Leased to Alliance Air: 1998.
Returned to Indian Airlines: 2007, reconfigured as a freighter.
Merged into Air India: Later in 2007, when Air India absorbed Indian Airlines.
Decommissioned: 2012, taken out of service and intended for India Post use.
According to planespotters data, the aircraft was more than 43.2 years old at the time of sale.
Sale & Disposal — Removing the “Cobweb”
Air India has now completed the sale and transfer of VT-EHH. The buyer’s identity and financial details were not publicly disclosed.
According to Wilson, the disposal “isn’t unusual,” but the fact that they didn’t know they even owned it makes the case exceptional.
Why It Happened: Legacy Issues & Asset Management Gaps
Weak Documentation Legacy
The plane’s disappearance from internal records points to long-standing issues in asset tracking during Air India’s state-run era. After years of neglect, the aircraft was simply forgotten — no maintenance schedule, no insurance file, no depreciation record.
Institutional Memory Loss
Over decades, with management changes, organizational restructuring, and even privatization, VT-EHH remained off radar.
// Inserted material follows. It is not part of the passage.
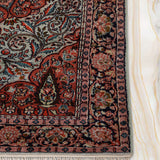 Afsana Medallion – Hand Knotted Silk Rug in Peach/Light Blue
The oversight was only corrected after airport staff flagged its presence — which prompted an internal audit.
Privatization Fallout
Air India’s takeover by Tata Group in 2022 included a major clean-up of legacy assets, vendor contracts, and documentation systems. The rediscovery of this aircraft has been framed as part of that effort to modernize and properly account for the airline’s inherited legacy.
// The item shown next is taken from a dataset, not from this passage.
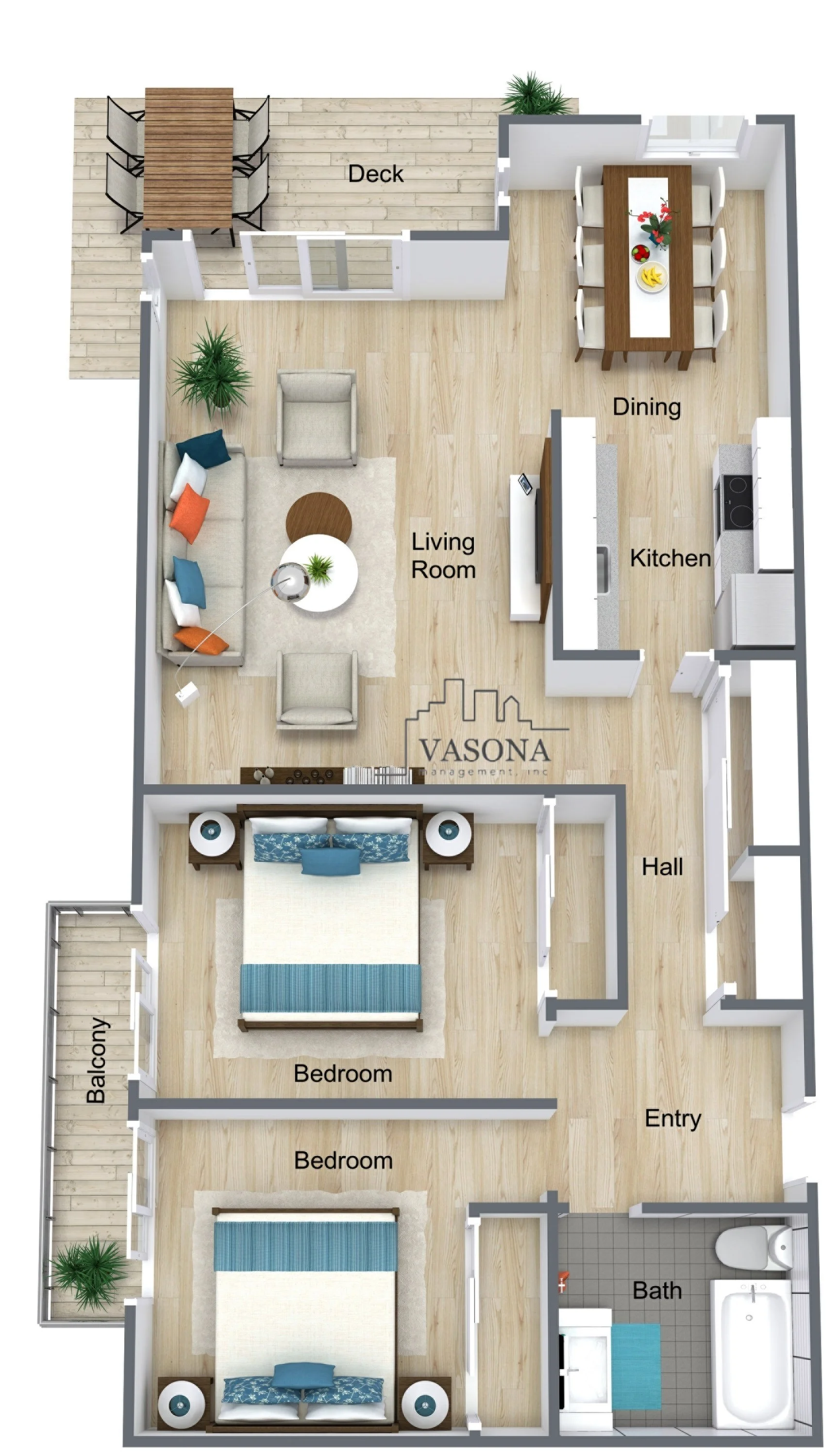 2 Bedroom Type A 50-1G 50-1G floor plan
Risks, Symbolism & Broader Implications
Financial & Operational Risk
Liability risk: An untracked aircraft is a risk — for insurance, maintenance backlog, or even environmental exposure.
Regulatory risk: Civil aviation authorities may question why a “forgotten” plane stayed unaccounted for so long.
Valuation risk: During the Tata-era audit, missing assets can skew the balance sheet and valuation of the airline.
Symbolic Significance
The case of VT-EHH is emblematic of Air India grappling with legacy issues. The “Baby Boeing” represented not just an old airframe, but a reminder of how decades-old state company practices linger on — even under a modern, privatized regime.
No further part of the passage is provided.